The adrenal glands sit above the kidneys and are part of the body’s endocrine system.1 The glands are regulated by the pituitary gland, located in the brain. The outer portion of the adrenal glands produces two very important hormones – aldosterone and cortisol. Aldosterone balances the body’s sodium and potassium levels to regulate blood pressure, while cortisol regulates metabolism, stress, and blood sugar levels. The inner part of the adrenal glands produces adrenaline and noradrenaline, which work in conjunction with cortisol and aldosterone to regulate reactions to stress.1
Adrenal gland dysfunction
It is not unusual for patients suffering from adrenal gland dysfunction to have symptoms similar to that for diabetes or low blood pressure. Diabetes-like symptoms include increased sugar cravings, dark patches on the skin, or changes in weight.1 Symptoms similar to low blood pressure include dizziness, nausea, or excessive fatigue. Fortunately, blood tests can determine levels of adrenal and pituitary hormones, and glucose, potassium, and sodium levels.1
For those patients whose bodies do not produce enough natural adrenal hormones, supplements can help boost their adrenal levels to normal. These supplements are usually made from slaughtered cow, pig, and sheep adrenal extracts.2 Some research looking at the medical causes for burnout have suggested that in addition to changes in diet and sleep habits, adrenal supplements may offer a viable alternative to anti-anxiety medications, which can be habit-forming.3 Other researchers have suggested that adrenal nutritional supplements, combined with specific prescription adrenal-boosting medications, can not only boost adrenal hormone levels, but possibly protect patients against future adrenal imbalances.4
There are two main precautions for taking adrenal supplements. First, adrenal extract from cows that have contracted bovine spongiform encephalitis (BSE, more commonly known as Mad Cow Disease) can pass the disease on to humans.2 BSE has been reported in a number of countries, most notably in the United Kingdom. Check the ingredient label to determine the supplement’s country of origin.

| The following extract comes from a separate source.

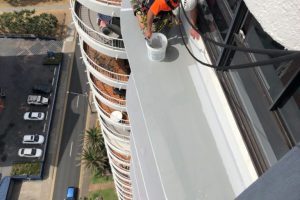 Abseiling151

Second, pregnant women are advised not to take adrenal supplements unless under medical supervision. One potential side effect from adrenal supplements can be vomiting. In severe cases, this can put pregnant women at risk of losing too much weight.4 Furthermore, not enough research has been done into the potential transference of the active ingredients in adrenal supplements from mother to infant during pregnancy and breastfeeding.2,4
In many cases, when patients report a combination of symptoms that include anxiety, fatigue or stress, knowledgeable DCs will look at the possibility of adrenal gland dysfunction. If the problem is indeed related to adrenal gland problems, nutritional supplements can go a long way toward alleviating symptoms.
- Adrenal glands. Accessed 11/15/2015.
- Adrenal extract: Uses, side effects, interactions, and dosing. Accessed 11/15/2015.
- Kakiashvili T, Leszek J, Rutkowski K. The medical perspective on burnout. Int J Occup Med Environ Health 2013 Jun;26(3):401-12.
- Allen LV Jr. Adrenal fatigue. Int J Pharm Compd 2013 Jan-Feb;17(1):39-44.
- Adrenal extract: Side effects. University of Michigan Health System. Accessed 11/15/2015.